Established in 2017 by Monica Robinson, the botanical beauty brand Kmoni Cosmetics found itself suddenly garnering interest from retailers, two of which—Kohl’s and Asos—pounced on bringing it into their selections in December. Buoyed by the retail distribution, the brand’s sales have surged as much as 50% from last year.
The gains are hailed by Robinson, who became a beauty entrepreneur in a circuitous route. In the kitchen, Robinson has always had a knack for developing recipes, but it wasn’t until she went to culinary school that she was exposed to the incredible range of spices, herbs and fruits that exist all over the globe. She translated her culinary learnings into skin products.
“It was difficult finding products on the market that suited me having sensitive skin that weren’t laden with artificial chemicals,” says Robinson. “During my research, I realized that there are natural ingredients that are beneficial to my skin type without the unnecessary fillers.”
After she started making her own scrubs and soaps, people asked to buy them—and, then, buy more of them. Her friends and family members were fans of Robinson’s incorporation of natural ingredients, but they were particularly impressed by how their skin conditions improved with product application. That was the beginning of Kmoni. The brand specializes in handcrafted, plant-based products infused with organic and natural fruits, herbs and spices.
Within six months Robinson, who has a bachelor’s degree in business and is a certified herbalist, was handpicked to be a vendor at Happy Kat Candles and Gifts, a mall-based retailer near her home in Charlotte, N.C. Today, Kmoni’s assortment contains 70 products, including body, bath and soaps intended for every member of the family. The brand is intentional about keeping its prices affordable, and they range from $7 to $20. Products feature ingredients like turmeric, white tea, mango and organic palm oil from West Africa. The kids’ lineup has whimsical soaps in shapes such as doughnuts and cupcakes. The lineup is vegan, cruelty-free and kosher. She has more new items in the pipeline within the next few months, including facial skincare.

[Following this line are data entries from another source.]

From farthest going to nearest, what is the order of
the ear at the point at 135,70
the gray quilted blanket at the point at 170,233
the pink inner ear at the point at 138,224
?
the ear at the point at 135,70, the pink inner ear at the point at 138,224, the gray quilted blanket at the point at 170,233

“My knowledge of food and ingredients has helped me come up with formulas that are very effective,” says Robinson. She singles out turmeric and palm oil for their healing properties. The latter she extols for its eczema-calming abilities.
Among Kmoni’s bestsellers are citrus soaps, body butter and body polish. Its Serenity Breeze collection with soap, body butter and body lotion designed to be relaxing and refreshing is a strong draw. Turmeric and peach are the brand’s most popular ingredients.
Since the onset of the pandemic, Robinson has detected changes in consumer inclinations for various segments of her brand’s product portfolio. For example, cleansing gained momentum early in the pandemic, and moisturizing picked up speed as the pandemic dragged on.
Bold packaging graphics distinguish Kmoni from natural beauty brands on the market with earthy tones. Ingredient stories are important to the DNA of Kmoni’s business and, going forward, Robinson is planning to dive into exotic fruits and ancient herbs. She is also actively seeking greater distribution expansion with goals to place Kmoni in specialty retail chains—she mentions Sephora and Ulta Beauty as dream partners—and perhaps open her own store.
Some brands have noticed drops in sales after the spurt in awareness efforts last year related to buying brands from Black-owned founders. That’s not been the case for Kmoni. The brand has had assistance from Landing International, a sales and marketing platform connecting retail buyers and brands. Landing discovered Kmoni through Instagram and invited Robinson to participate in a sample box spotlighting Black-founded brands send to retailers.
Robinson acknowledges multinational brands are becoming more attentive to less caustic ingredients, but she believes consumers care about how products are made and will continue to seek out small-batch producers. And while she wouldn’t rule out merging with a bigger brand, for now, Robinson is content to steer her own ship. “I try to stay in my own lane, and I have strict guidelines,” she emphasizes.
Robinson advises her fellow beauty entrepreneurs to link with mentors and tap free business resources. “Celebrate the small milestones and keep going no matter the obstacles,” she says. “Stay optimistic about the future.”
With Kmoni’s sales increasing, Robinson is looking to lift up others. She’s working with small businesses in the Charlotte area to combine resources in order to give back to the community, specifically targeting people dealing with life-threatening or debilitating illness with a tagline No One Fights Alone. Robinson explains, “This collaboration is a homage to my mother who passed away from uterine cancer in 2009 alongside with others who deal with or who have dealt with the journey of a debilitating disease.”